I did not use *any* butter or olive oil. I just slapped the duck breast skin side down on the pan and kept the heat consistent. You’ll be amazed by how much oil the skin produces!
The tasty skin from the duck breast renders into delicious duck fat. You can get an insane amount of the stuff – probably 6-7 tablespoons of duck fat from 2 medium breasts alone! There’s nothing quite like duck fat rendering – it smells positively mouth-watering.
I actually bought the tomatillos to make salsa verde but I thought it’ll be perfect to put an acidic twist, which was supposed to be from the zest and juice of an orange. The original recipe by Gordon Ramsay also calls for port and cranberry jelly which I substituted with Madeira wine and Cranberry Apple Chutney.
BTW, if you think that the tomatillos looks a lot like cape gooseberry (sold as physalis here) that’s coz they come from the same family!
The duck breasts are really easy to cook – after about 10 minutes on low heat with the skin side down, the fat has mostly rendered – flip them over and lightly brown the other side for a couple of minutes and leave it to rest.

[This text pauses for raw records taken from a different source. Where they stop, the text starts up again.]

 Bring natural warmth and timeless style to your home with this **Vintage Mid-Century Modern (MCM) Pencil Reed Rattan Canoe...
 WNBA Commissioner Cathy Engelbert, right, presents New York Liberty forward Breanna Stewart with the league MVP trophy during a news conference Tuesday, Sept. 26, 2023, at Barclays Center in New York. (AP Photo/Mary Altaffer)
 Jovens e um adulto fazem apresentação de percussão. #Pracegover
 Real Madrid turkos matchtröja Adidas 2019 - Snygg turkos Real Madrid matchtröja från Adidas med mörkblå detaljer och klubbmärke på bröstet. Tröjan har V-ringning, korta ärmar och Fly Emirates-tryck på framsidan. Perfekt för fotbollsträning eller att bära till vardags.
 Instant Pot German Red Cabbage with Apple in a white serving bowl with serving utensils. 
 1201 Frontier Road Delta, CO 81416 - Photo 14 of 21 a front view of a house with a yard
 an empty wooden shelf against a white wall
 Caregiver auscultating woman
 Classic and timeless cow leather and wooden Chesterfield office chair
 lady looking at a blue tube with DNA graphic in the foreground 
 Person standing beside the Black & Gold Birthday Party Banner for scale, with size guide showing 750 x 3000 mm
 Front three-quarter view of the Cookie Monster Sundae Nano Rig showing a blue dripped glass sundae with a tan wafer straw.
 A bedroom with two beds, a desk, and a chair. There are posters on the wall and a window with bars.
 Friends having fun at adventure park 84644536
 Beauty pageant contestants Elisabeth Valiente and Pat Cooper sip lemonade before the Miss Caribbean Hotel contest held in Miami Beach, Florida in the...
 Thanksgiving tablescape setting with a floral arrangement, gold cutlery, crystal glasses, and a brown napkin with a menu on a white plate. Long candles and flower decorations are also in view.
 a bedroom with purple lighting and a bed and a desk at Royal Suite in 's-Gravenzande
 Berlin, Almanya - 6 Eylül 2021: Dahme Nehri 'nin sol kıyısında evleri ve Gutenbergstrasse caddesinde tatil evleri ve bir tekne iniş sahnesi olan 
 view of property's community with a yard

The Madeira wine is used to deglaze the pan. It’s a cooking term that means “scrape the crap from your pan with a liquid while keeping the heat on and keep the liquid + crap”.
Meanwhile, I had cut my parsnips into small chunks, steamed them and peeled it to be ready for the food processor – in reverse order. Add some heavy cream and put it on high for a couple of seconds. I also added some fresh milk and then puréed the parsnips some more. You can make the parsnip puree creamier by sieving it though some fine mesh before serving.
Back to the sauce, I added chopped tomatillos, cranberry and apple chutney and Madeira wine to deglaze the pan. I let this bubble for about 10 minutes to extract the flavor from the tomatillos, tasted it and pronounced it good!
However, I thought it would be *better* with some butter so I put in a generous slice of butter and the Madeira jus was ready to be poured on top of the rested duck!
I sliced one duck breast for my dear and kept mine whole. I wanted my duck breast to be served on top of the Madeira jus with cranberry apple chutney and tomatillos so I plated my dish with the duck sitting on top of the sauce.
My dear wanted hers sliced so that’s what I did and spooned the sauce over the duck. I also added some salad and edible flowers in addition to the parsnip purée on the side. I’m told that this is my best dish to date and I quite like it as well!
The duck breast tastes deliciously rich and the sweet-acidic Madeira jus complements it perfectly. The parsnip purée is ingenious too since the dish would be way to heavy with potatoes. I’m really keen to cook this again, it’s surprisingly easy and the rendered duck fat can be kept and used for other things (they actually sell duck fat in some gourmet groceries).